= EXERCISE AIM =
Using the records below, reproduce exactly the lines from the one containing "2023 UCI Cycling" through the end, and nothing more; skip the images.

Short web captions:
^^^^

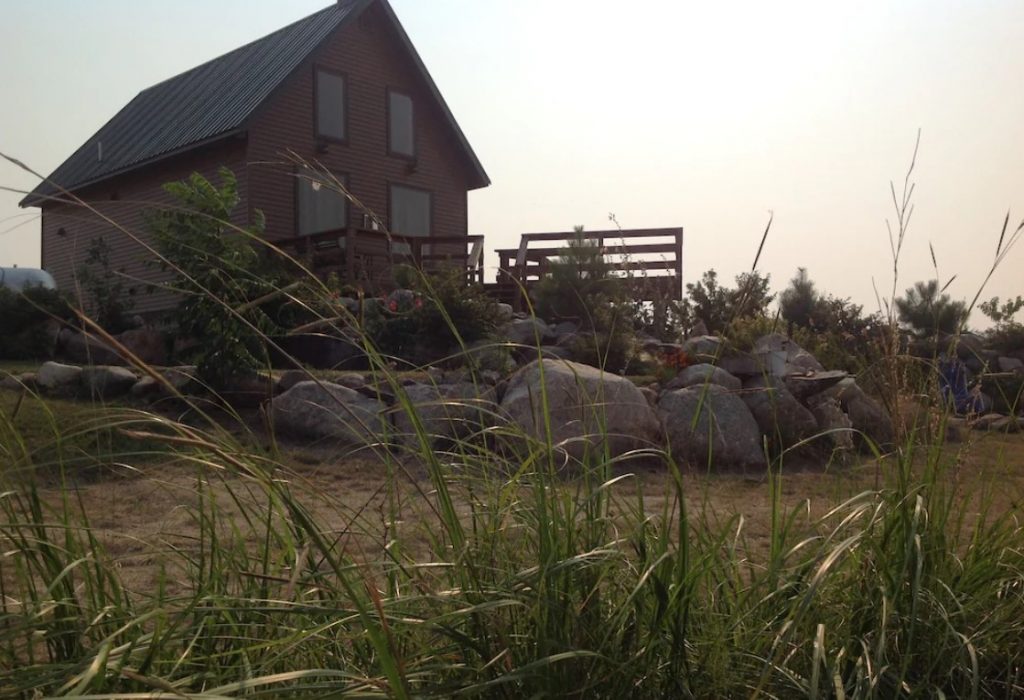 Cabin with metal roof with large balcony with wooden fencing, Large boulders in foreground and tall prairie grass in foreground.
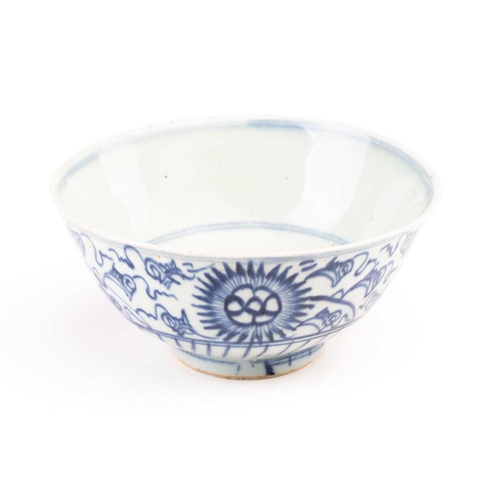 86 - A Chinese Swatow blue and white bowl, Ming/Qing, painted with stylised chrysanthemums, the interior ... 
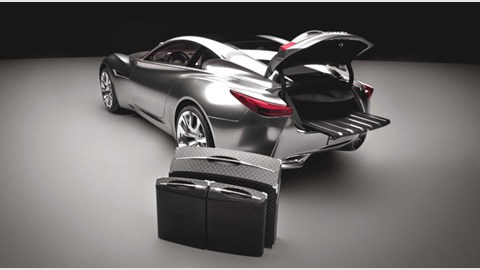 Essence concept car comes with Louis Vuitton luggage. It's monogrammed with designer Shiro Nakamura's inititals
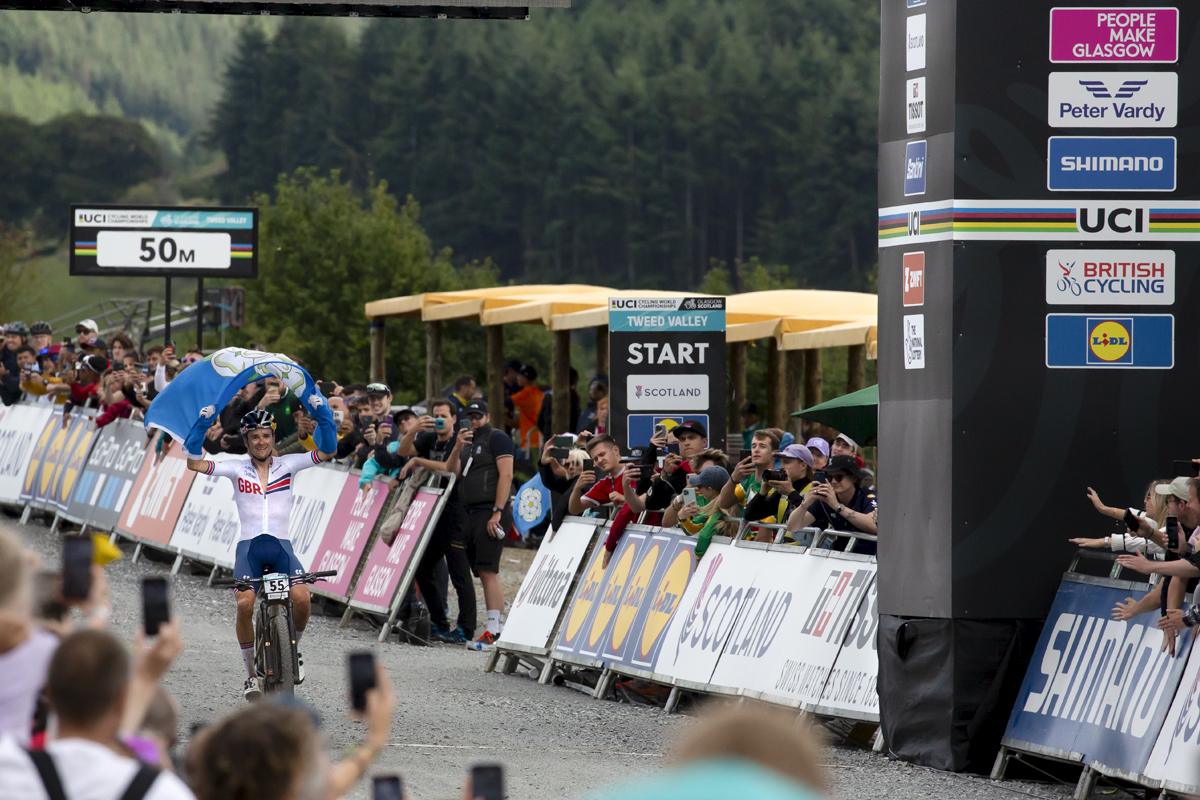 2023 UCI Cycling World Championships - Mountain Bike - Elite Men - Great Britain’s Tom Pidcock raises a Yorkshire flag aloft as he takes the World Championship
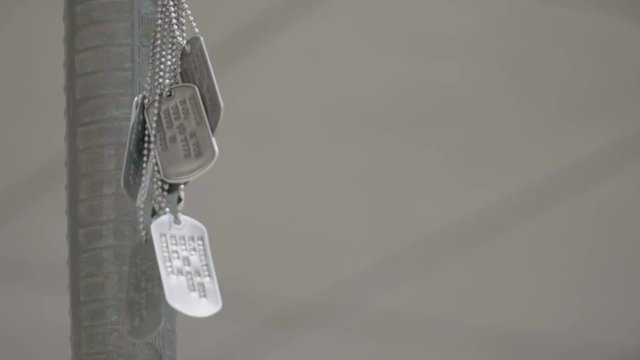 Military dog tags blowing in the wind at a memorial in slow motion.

^^^^

= SOLUTION FOR THIS PROBLEM =
 2023 UCI Cycling World Championships - Mountain Bike - Elite Men - Great Britain’s Tom Pidcock raises a Yorkshire flag aloft as he takes the World Championship
 Military dog tags blowing in the wind at a memorial in slow motion.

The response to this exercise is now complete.